Now Jeff Flake is winging it on his own since the 6-year U.S. Senate terms are staggered and McCain is in a tight race against conservative Dr. Kelli Ward forcing him into uncharacteristic silence, as his vicious, out-of-state PACs do his dirty work against her.
So Flake has decided to veer into punditdom, opining Donald Trump, the GOP’s presidential nominee, “can‘t win and shouldn’t win,” the election. The only takeaway from that statement is that Flake will be supporting scandal-plagued leftist Hillary Clinton. SRAZ came to that conclusion in July with this post.
At a Tuesday event at the offices of Allstate Insurance in Tempe, Flake lobbed a barrage of spew at Trump, even disapproving of the way Trump expressed “regret” for some past comments.

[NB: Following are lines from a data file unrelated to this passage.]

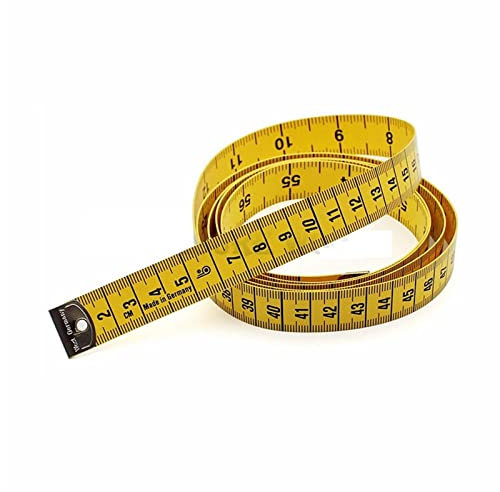 RWRAPS Maßband, langlebig, weich, 3 m, 300 cm, Nähen, Schneider, Maßband, Körpermaß, Lineal, Schneiderei (Farbe: 3 m blau) (schwarz, transparent, gelb)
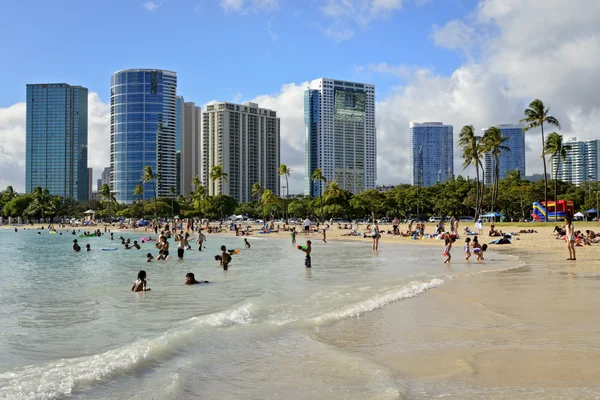 Ala moana playa, oahu, hawaii — Foto de Stock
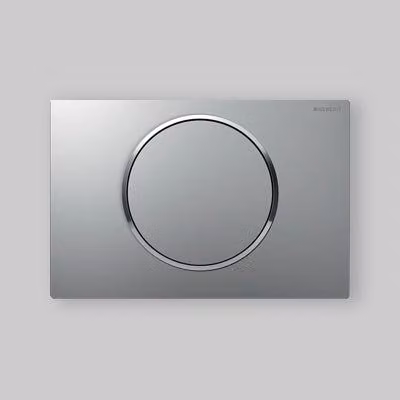 Placca Di Comando "Sigma 10" Bianco Opaco/Cromato/Bianco Opaco*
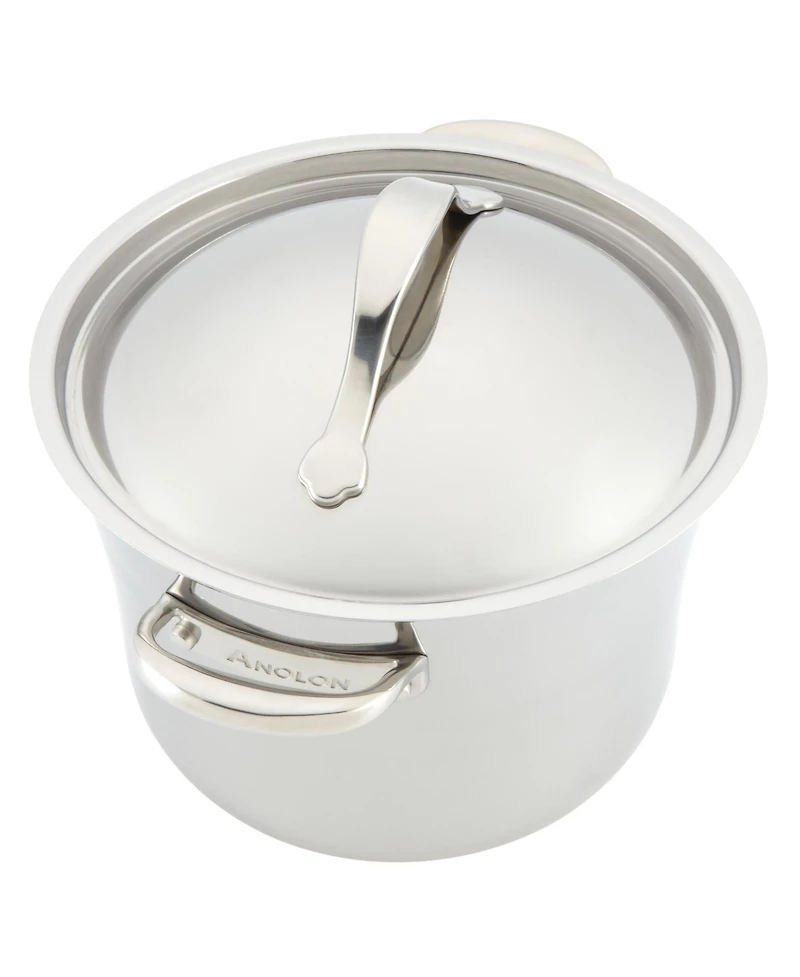 Anolon Nouvelle Copper Mixed Metals Cookware Set, 11 Piece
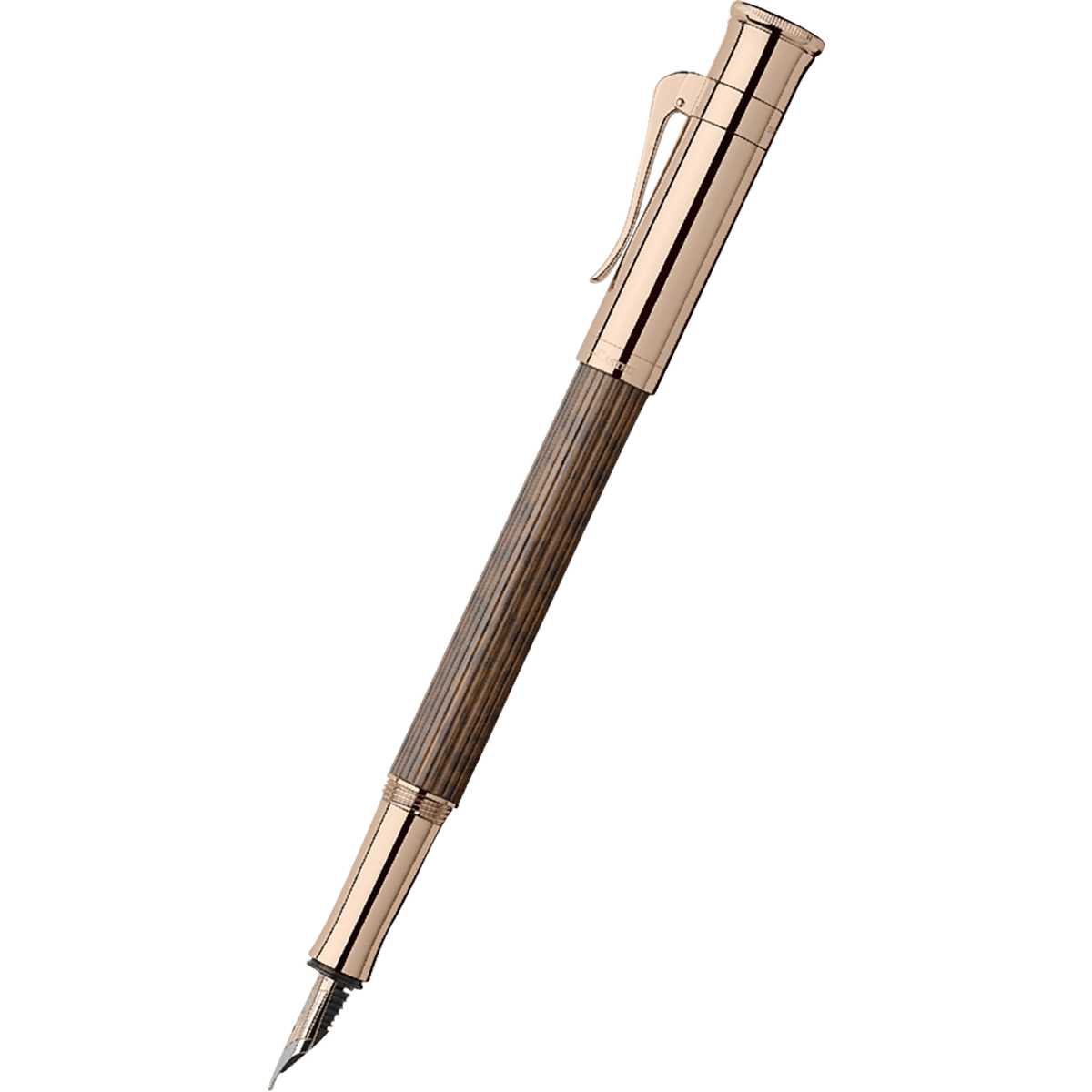 Graf Von Faber - Castell Classic Fountain Pen - Snakewood - Rose Gold Trim (Special Edition) - Pen Boutique Ltd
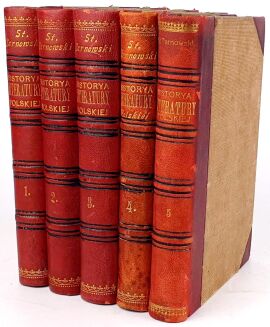 TARNOWSKI - HISTORYA LITERATURY POLSKIEJ T.1-5  piękny półskórek - 2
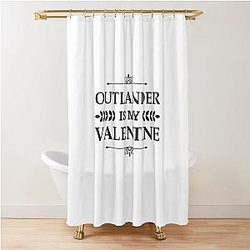 Outlander is My Valentine Shower Curtain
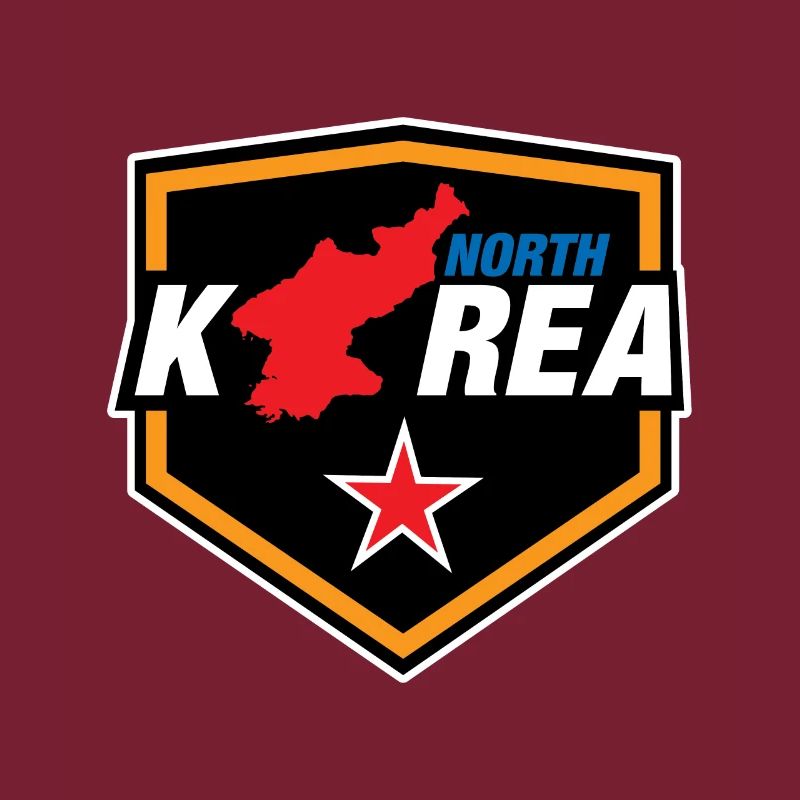 Corée du Nord Corée du Sud Drapeau Corée Asie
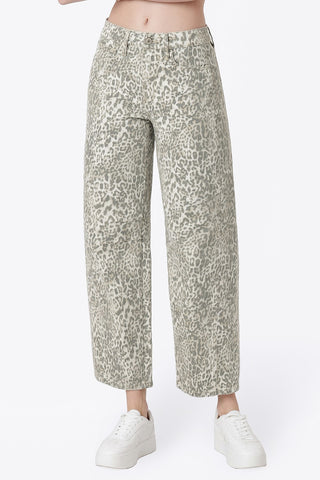 Campbell Leopard Barrel Jeans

Flake, of course, remains the ideal in the apology department. When his son Tanner, used offensive racial, anti-Semitic and homophobic slurs on his Twitter account, papa Flake stepped in and publicly apologized for him, letting a teachable moment pass.
Flake got his foot in the political door when U.S. Rep. Matt Salmon honored his term limit pledge and stepped down after three two-year terms. Flake made the same pledge, but the seductive siren call of Washington was too bewitching for him to resist, and he announced that “it was a mistake to limit my terms,” even grinning and declaring, “I lied.” Was that an apology? Did it meet the standard Flake holds for Trump?
Though Flake appears to revel in his role as chief Trump hatchet man, those of us who have actual conservative views are appalled at the arrogance Flake exhibits. He needs to be primaried by a conservative when he runs for reelection.